The Stepford Wives
Directed by Frank Oz
Written by Paul Rudnick from the novel by Ira Levin
Starring Nicole Kidman, Matthew Broderick

 

The Stepford Wives

Picture "The Stepford Wives" as a fantasy of Homer Simpson's, in which Marge suddenly is turned into the perfect Eisenhower-era wifely helpmeet, eager to do the dishes, wash the clothes, compliment Homer on anything and everything he does, and give Bart and Lisa exciting school lunches every day. And in that fantasy every other wife and mother in Springfield is exactly like Marge. That show would be a nice, and appropriate, satire on the worst tendencies in American life and culture - a pre-feminist male fantasy in which women exist only to serve their men - the kind of comment "The Simpsons" has made so well over the years.

Unfortunately that's not the new version of the Ira Levin novel and the 1975 movie, this time written by Paul Rudnick and directed by Frank Oz. Sadly, the film doesn't know whether to be a satire, a family soap opera or a horror show.

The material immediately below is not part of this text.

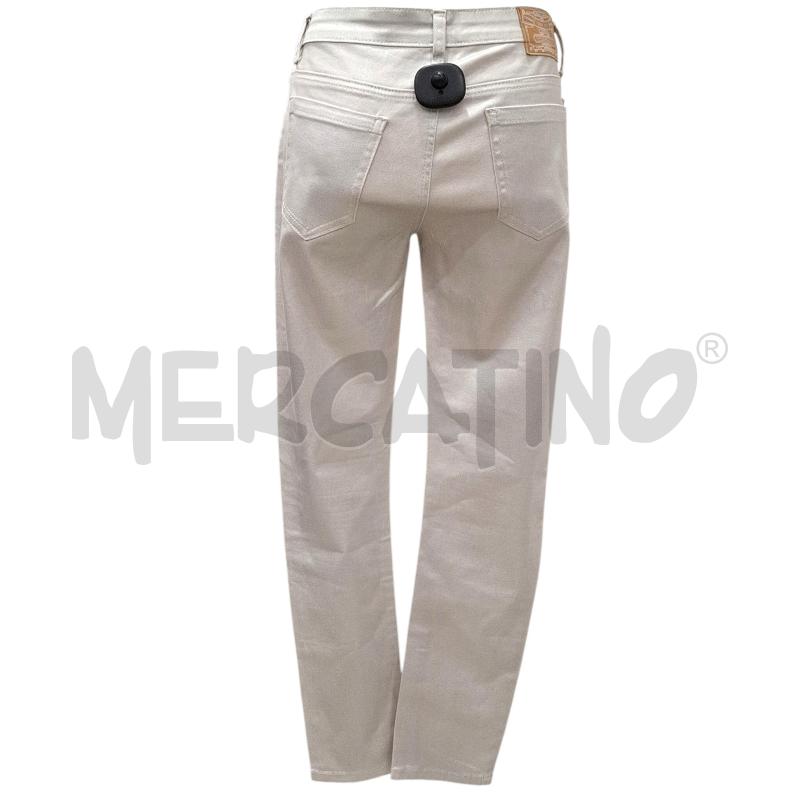 PANTALONE DONNA HANNY DEEP GRIGIO CHIARO BRILL. | Mercatino dell'Usato Salerno fratte 2
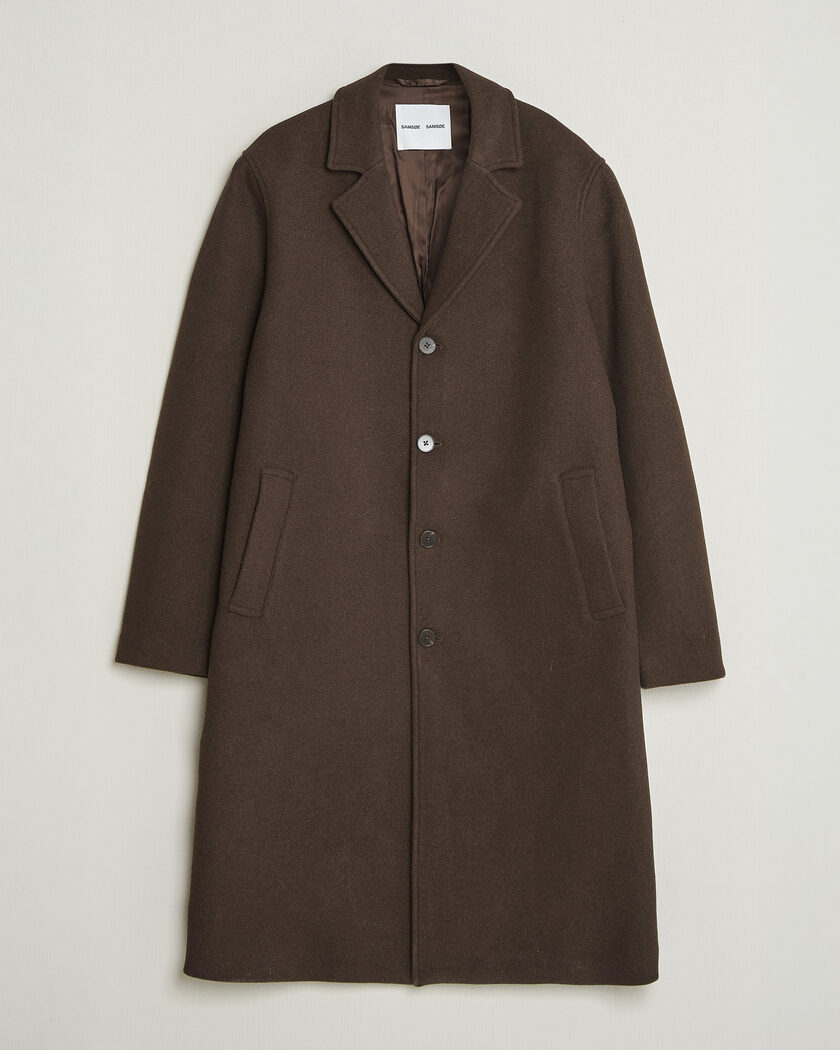 Samsøe Samsøe Falco Wool Coat Delicioso – Marrone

It starts out well, with Nicole Kidman (and is there anything this actress can't do?) as a television network president fired because one of her reality shows, called "I Can Do Better," backfires when a jilted husband (his wife decides she can do better) opens fire on everyone in the studio. After a nervous breakdown she and her husband Walter (Matthew Broderick) and their two kids move to the perfect Connecticut town of Stepford, where they will be out of the rat race and can renew their fraying marriage.

But Stepford is a strange place; all the women look like Betty Crocker and all the men wear Stepford blazers and hang out in the Men's Center while their wives happily cook, clean and live just to please them. Only the slovenly Markowitzes (Jon Lovitz and Bette Midler) are normal, and they aren't so for very long. What's going on here? You already know, if you've seen the trailer, and the rest of the film - already short at 93 minutes including the closing credits - drags like some epic your wife's cousin's nephew shot about the history of every house on his block and then insists on showing you at the family's Thanksgiving party.

Because Paul Rudnick is a witty man he's come up with some very charming throwaway lines (one Stepford wife had been the head of AOL; someone else asks whether that's why the women are so slow). But by the climax, when all is revealed and then revealed again, our eyes are riveted to our watches, checking that slow-moving second hand in hopes that the end will in fact be near. Perhaps the best two minutes in the film come before it starts, with the dazzling opening credits by New York's Big Film Design, the company that devised the credits for "Chicago," and does them for the Coen Brothers' and Spike Lee's films. You should feel free to leave after seeing them.